■ Goal of the exercise ■
An exact copy of the entries below is the expected answer.

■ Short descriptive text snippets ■

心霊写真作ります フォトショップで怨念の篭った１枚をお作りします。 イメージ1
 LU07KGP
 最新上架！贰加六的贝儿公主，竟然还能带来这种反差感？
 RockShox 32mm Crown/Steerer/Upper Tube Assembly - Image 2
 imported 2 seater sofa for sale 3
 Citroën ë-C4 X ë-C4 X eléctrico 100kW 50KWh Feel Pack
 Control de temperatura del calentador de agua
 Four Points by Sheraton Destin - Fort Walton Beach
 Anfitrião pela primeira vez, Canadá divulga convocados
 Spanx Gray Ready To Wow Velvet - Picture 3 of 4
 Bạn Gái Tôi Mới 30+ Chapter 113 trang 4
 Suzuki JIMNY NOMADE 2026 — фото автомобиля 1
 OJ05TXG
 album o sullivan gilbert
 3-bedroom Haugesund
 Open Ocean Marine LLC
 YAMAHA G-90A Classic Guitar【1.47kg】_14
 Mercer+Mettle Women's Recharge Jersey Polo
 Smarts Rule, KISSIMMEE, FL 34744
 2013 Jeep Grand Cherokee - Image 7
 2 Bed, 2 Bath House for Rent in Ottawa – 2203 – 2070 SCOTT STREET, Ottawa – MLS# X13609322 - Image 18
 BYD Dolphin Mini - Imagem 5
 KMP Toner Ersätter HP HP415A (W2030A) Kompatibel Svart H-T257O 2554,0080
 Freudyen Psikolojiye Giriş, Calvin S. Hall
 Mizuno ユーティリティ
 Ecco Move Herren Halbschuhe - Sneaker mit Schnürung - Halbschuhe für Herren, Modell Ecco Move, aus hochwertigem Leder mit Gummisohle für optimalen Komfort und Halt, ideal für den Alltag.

■ Result of this task ■
心霊写真作ります フォトショップで怨念の篭った１枚をお作りします。 イメージ1
 LU07KGP
 最新上架！贰加六的贝儿公主，竟然还能带来这种反差感？
 RockShox 32mm Crown/Steerer/Upper Tube Assembly - Image 2
 imported 2 seater sofa for sale 3
 Citroën ë-C4 X ë-C4 X eléctrico 100kW 50KWh Feel Pack
 Control de temperatura del calentador de agua
 Four Points by Sheraton Destin - Fort Walton Beach
 Anfitrião pela primeira vez, Canadá divulga convocados
 Spanx Gray Ready To Wow Velvet - Picture 3 of 4
 Bạn Gái Tôi Mới 30+ Chapter 113 trang 4
 Suzuki JIMNY NOMADE 2026 — фото автомобиля 1
 OJ05TXG
 album o sullivan gilbert
 3-bedroom Haugesund
 Open Ocean Marine LLC
 YAMAHA G-90A Classic Guitar【1.47kg】_14
 Mercer+Mettle Women's Recharge Jersey Polo
 Smarts Rule, KISSIMMEE, FL 34744
 2013 Jeep Grand Cherokee - Image 7
 2 Bed, 2 Bath House for Rent in Ottawa – 2203 – 2070 SCOTT STREET, Ottawa – MLS# X13609322 - Image 18
 BYD Dolphin Mini - Imagem 5
 KMP Toner Ersätter HP HP415A (W2030A) Kompatibel Svart H-T257O 2554,0080
 Freudyen Psikolojiye Giriş, Calvin S. Hall
 Mizuno ユーティリティ
 Ecco Move Herren Halbschuhe - Sneaker mit Schnürung - Halbschuhe für Herren, Modell Ecco Move, aus hochwertigem Leder mit Gummisohle für optimalen Komfort und Halt, ideal für den Alltag.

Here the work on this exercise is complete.